Saturday, June 2, 2012

Chinese Chicken Salad Egg Rolls


2 Grilled Boneless Skinless Chicken Breasts (EVOO, salt, pepper) – small dice
2 tbsp Balsamic Vinegar
2 Grilled Zucchini – Sliced in ½ w/ EVOO to grill then small dice
6 Radishes – Tails/Tips removed – small dice
½ Red Pepper – cut into thin strips then small dice
5 oz. Crimini Mushrooms – small dice
1 tbsp EVOO
2 tsp Red Wine Vinegar
1 Jalapeno – finely diced
1 cup Bean Sprouts
1 cup Carrots – shredded
3 Scallions- cut on angle about ¼ inch thick – reserve 3rd scallion to the side for garnish
½ head Napa Cabbage – shredded
1 tsp Salt
½ tsp Pepper
1 tsp Garlic Powder
1 tsp Onion Powder
½ tsp Celery Salt
1 tsp Mustard Powder
1 Package Egg Roll Wraps
2 cups Vegetable Oil

Drizzle the chicken breasts with EVOO, salt & pepper and grill.  Set aside to cool about 10-15 minutes.  Cut the chicken into a small dice, place in bowl w/ 2 tbsp Balsamic Vinegar and stir to coat/marinate.

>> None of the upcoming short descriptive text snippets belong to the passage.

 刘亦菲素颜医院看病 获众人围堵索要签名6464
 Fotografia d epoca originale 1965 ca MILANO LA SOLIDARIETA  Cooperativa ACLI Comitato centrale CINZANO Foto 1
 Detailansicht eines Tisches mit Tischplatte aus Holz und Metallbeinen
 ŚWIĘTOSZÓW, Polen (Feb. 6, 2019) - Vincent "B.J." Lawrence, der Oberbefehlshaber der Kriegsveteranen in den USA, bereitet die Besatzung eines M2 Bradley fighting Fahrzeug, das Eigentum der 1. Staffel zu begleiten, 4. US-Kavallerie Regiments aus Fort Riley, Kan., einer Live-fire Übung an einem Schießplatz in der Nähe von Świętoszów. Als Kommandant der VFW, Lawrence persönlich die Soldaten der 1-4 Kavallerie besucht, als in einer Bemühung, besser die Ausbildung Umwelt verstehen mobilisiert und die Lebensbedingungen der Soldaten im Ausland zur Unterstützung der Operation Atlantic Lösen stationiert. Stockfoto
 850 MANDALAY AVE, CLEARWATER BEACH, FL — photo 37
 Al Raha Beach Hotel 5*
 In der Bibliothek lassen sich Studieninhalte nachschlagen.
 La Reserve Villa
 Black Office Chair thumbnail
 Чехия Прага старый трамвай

Cut zucchini in ½ and drizzle with EVOO.  Grill just a few minutes, just to develop grill marks but still crunchy.  Usually about 4-5 minutes.  Then cut into strips and dice.

In a sautee pan over med/high heat, add 1 tbsp EVOO.  When oil is hot add mushrooms.  Sautee about 7 minutes or until browned.  Add 2 tsp red wine vinegar and stir.  Turn off heat but leave on burner and let liquid cook out.

In a large bowl combine chicken, zucchini, radishes, red pepper, mushrooms, jalapeno, bean sprouts, carrots, scallions, cabbage, salt, pepper, garlic powder, onion powder, celery salt, mustard powder.  Stir well to combine all the spices.  Taste a bite or 2 and adjust seasonings accordingly.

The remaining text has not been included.